When it was discovered in Israel in 1970, the En-Gedi scroll was clearly in no shape to be read: It had been found in the Holy Ark of a Jewish community dating to around 700 BC.
It had burned along with the rest of the settlement in the year 600.
The scroll was little more than a tiny, charred lump of animal parchment.
To unroll those lumps of ancient scroll would be unthinkable, as the gentlest touch might crumble the text to dust.
Now, more than 40 years later, researchers at the University of Kentucky have provided Israeli scholars with legible text from inside the scroll - without having to unroll it.

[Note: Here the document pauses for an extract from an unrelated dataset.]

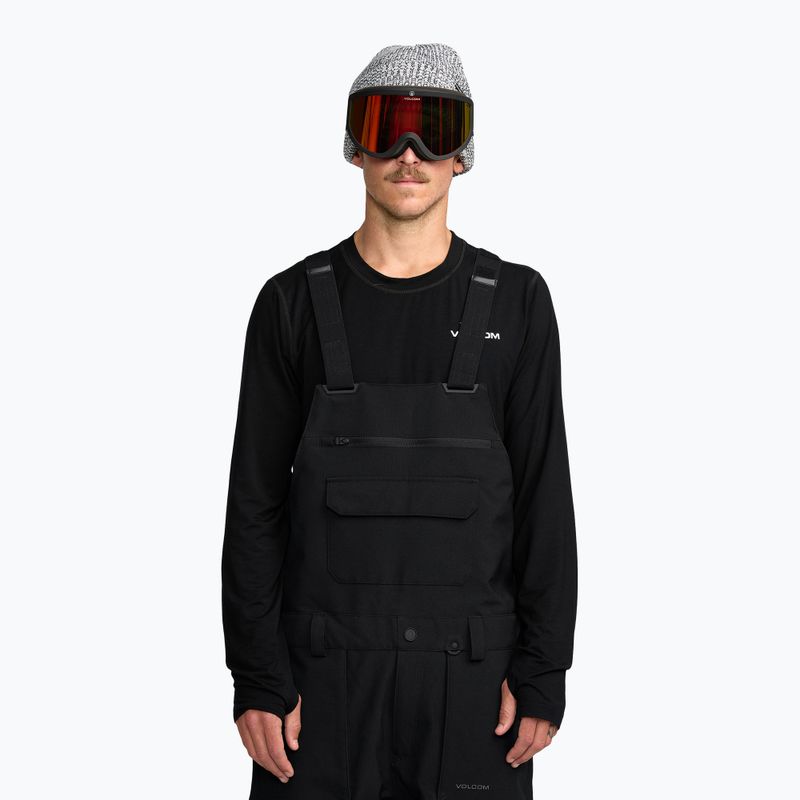 Pantaloni de snowboard pentru bărbați Volcom Roan Bib Overall black 6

The first bits of analysis, published today in Science Advances, reveal that the 1500-year-old En-Gedi scroll contains the book of Leviticus written in Hebrew. That makes it the oldest Pentateuchal scroll ever found in Hebrew outside of the Dead Sea Scrolls.
"We never dreamed we could bring it back to life," study co-author Pnina Shor, curator at the Israel Antiquities Authority, said.
The researchers involved in the discovery announced their initial findings in July, when the remains of the scroll were put on display in the Israeli Museum in Jerusalem.
But it wasn't until today that the scientists behind the scroll-saving technology detailed their process, which they hope can be used to virtually unfurl many more "unreadable" texts.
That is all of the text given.